BEGIN

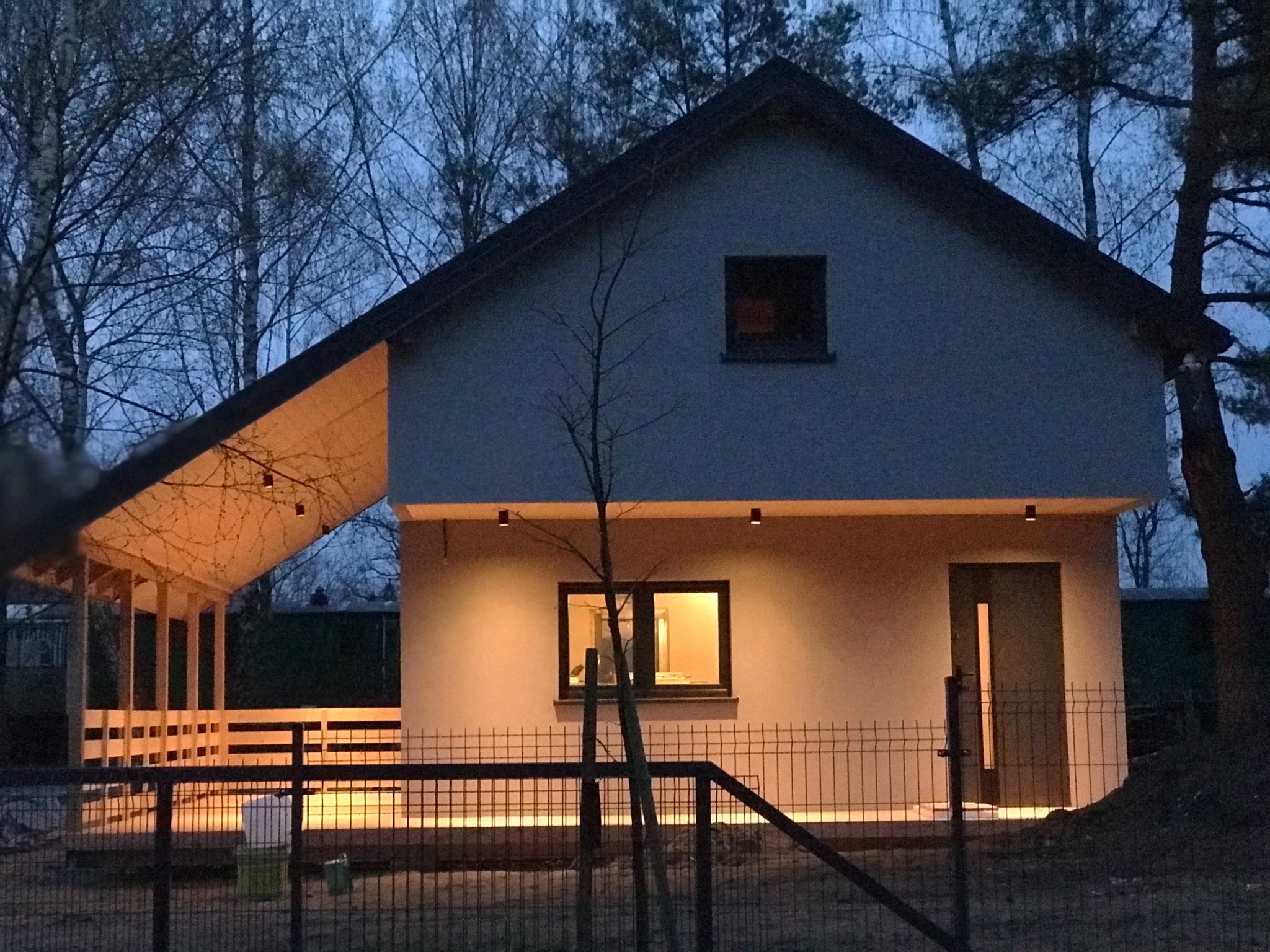 Nowoczesny dom z dobudowaną, oświetloną konstrukcją z drewna, widoczny zza metalowego ogrodzenia w szarówce.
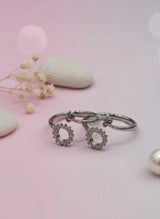 Silver toe ring with floral designs on a pink background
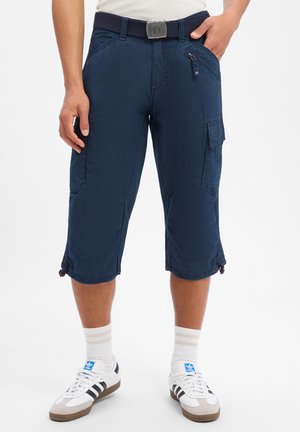 Man wearing navy blue cargo shorts with multiple pockets, white socks, and white Adidas sneakers with black stripes.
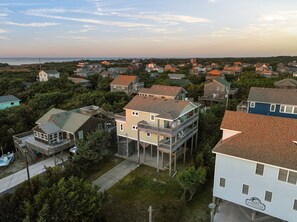 A coastal residential area with houses, some with decks and balconies, surrounded by greenery and a view of the ocean. - Oceanside, Steps to the Beach, Hot Tub, Pet Friendly, Ocean and Sound Views (Frisco)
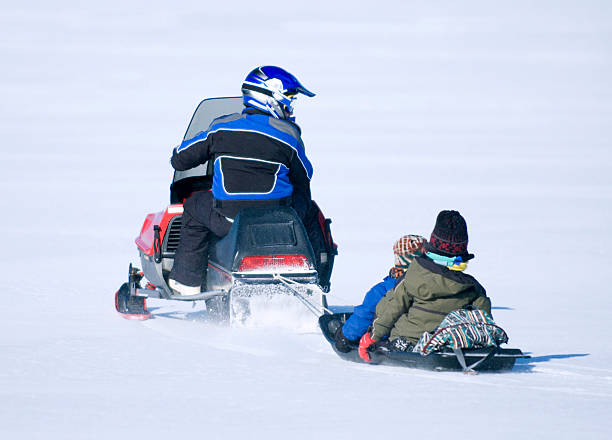 A man on a snowmobile pulling two small children behind him stock photo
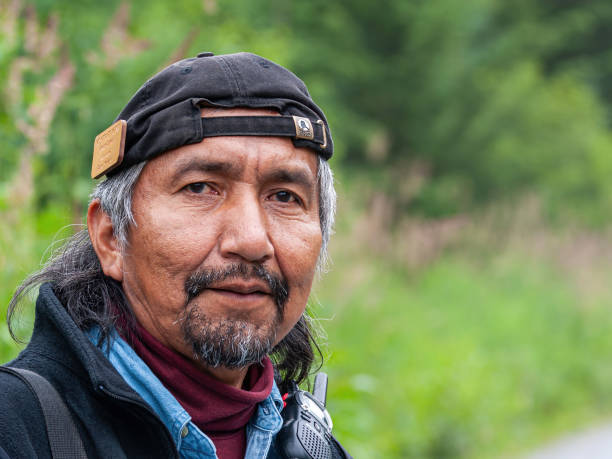 Native Tlingit man facial closeup,  Hoonah, Alaska, USA Hoonah, Alaska, USA - July 18, 2011: Facial closeup of native Tlingit man with reversed black cap on bearded head working as a forest guardian. Faded green as background. alaska native stock pictures, royalty-free photos & images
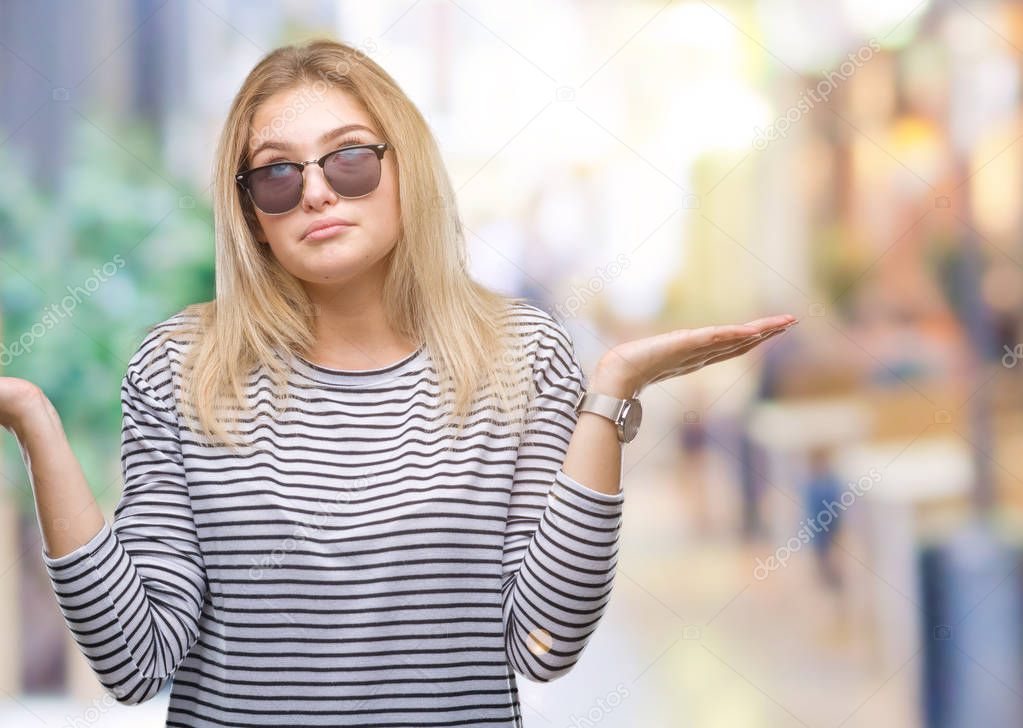 Young caucasian woman wearing sunglasses over isolated background clueless and confused expression with arms and hands raised. Doubt concept.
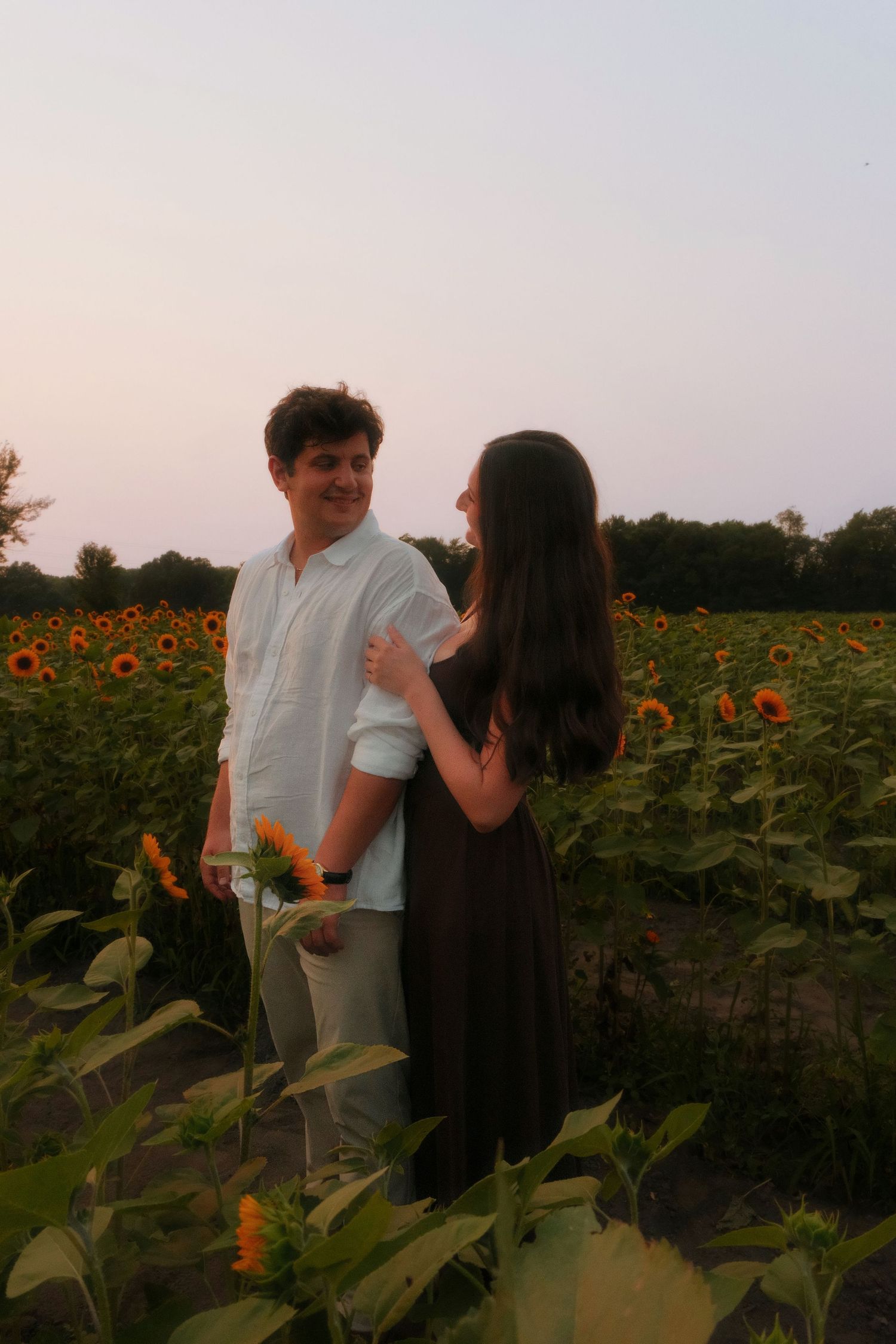 Couple sharing a romantic moment among tall sunflowers in a field during a soft pink sunset.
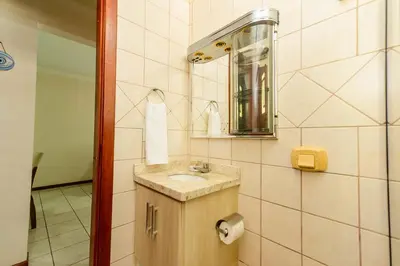 Uma casa de banho em Apto aconchegante na Barra Sul DD5438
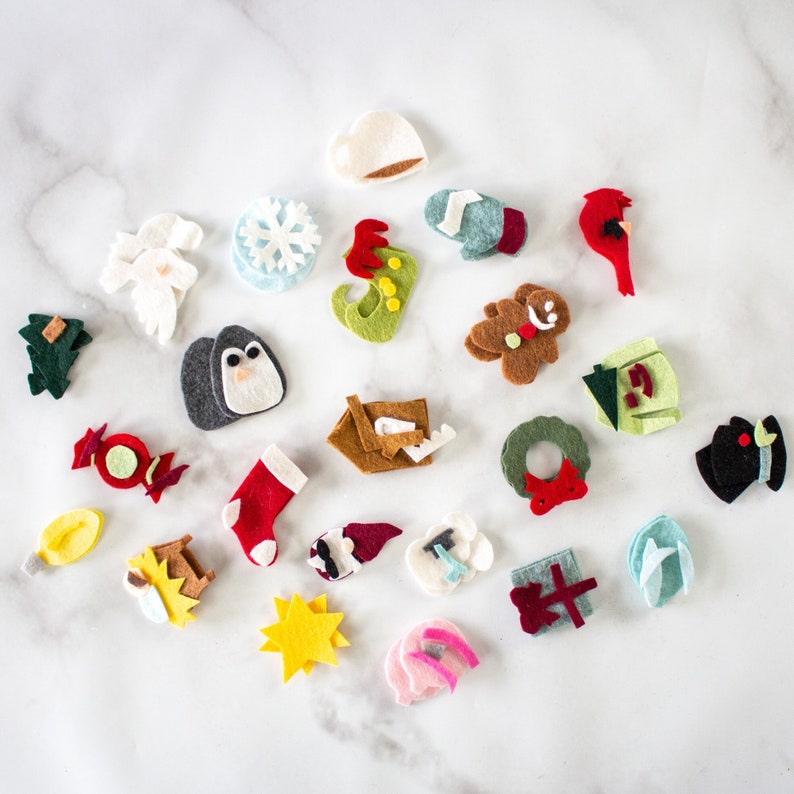 May include: A set of felt Christmas ornaments in various shapes and colors, including a penguin, a snowman, a gingerbread man, a Christmas tree, a stocking, a candy cane, a wreath, a star, a bell, a cardinal, a snowflake, a Santa hat, and a present.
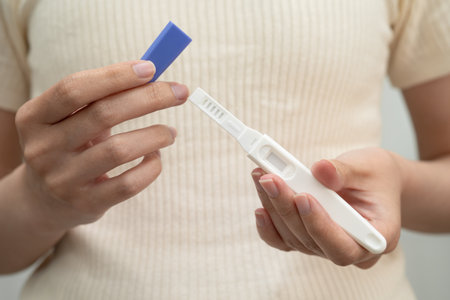 Asian holding pregnancy test for female of ovulation day, fetus, maternity, childbirth, birth...
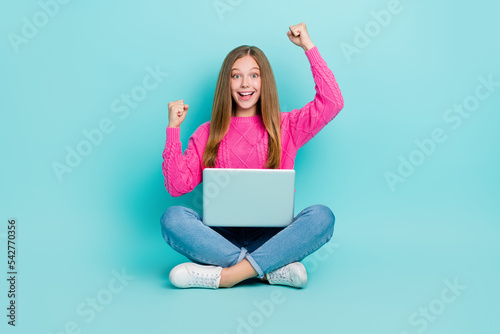 Photo of cheerful overjoyed lady sit floor raise hands fists rejoice successful pass test lesson exam isolated on cyan color background © deagreez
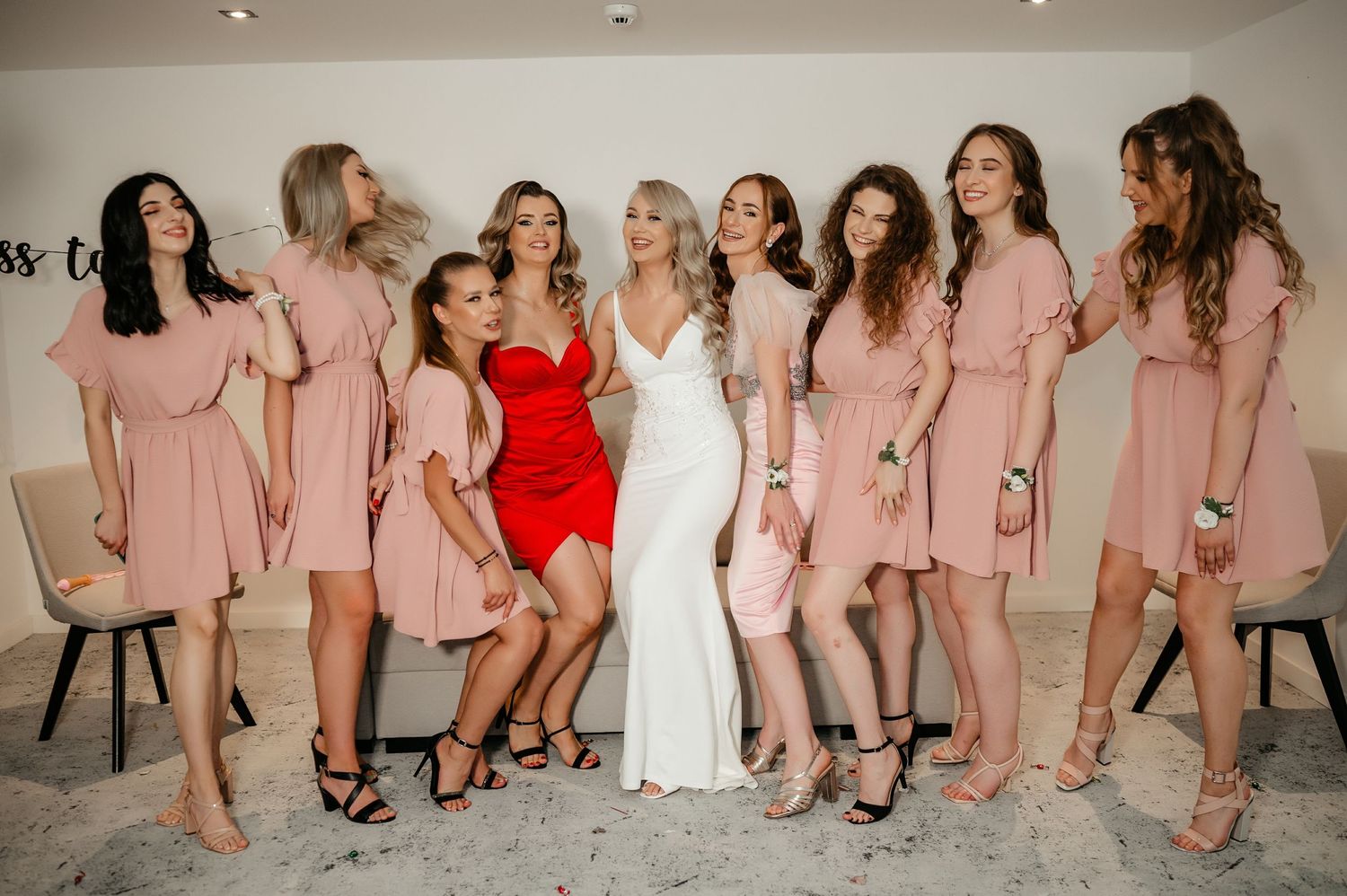 Bride in white gown posing with bridesmaids wearing matching pink dresses in bright room.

END

#### WORK TASK:
Copy nothing but the lines above from the one with "Man wearing navy" to the one with "Native Tlingit man facial", inclusive, word for word. Leave every picture out.

#### RESPONSE:
 Man wearing navy blue cargo shorts with multiple pockets, white socks, and white Adidas sneakers with black stripes.
 A coastal residential area with houses, some with decks and balconies, surrounded by greenery and a view of the ocean. - Oceanside, Steps to the Beach, Hot Tub, Pet Friendly, Ocean and Sound Views (Frisco)
 A man on a snowmobile pulling two small children behind him stock photo
 Native Tlingit man facial closeup,  Hoonah, Alaska, USA Hoonah, Alaska, USA - July 18, 2011: Facial closeup of native Tlingit man with reversed black cap on bearded head working as a forest guardian. Faded green as background. alaska native stock pictures, royalty-free photos & images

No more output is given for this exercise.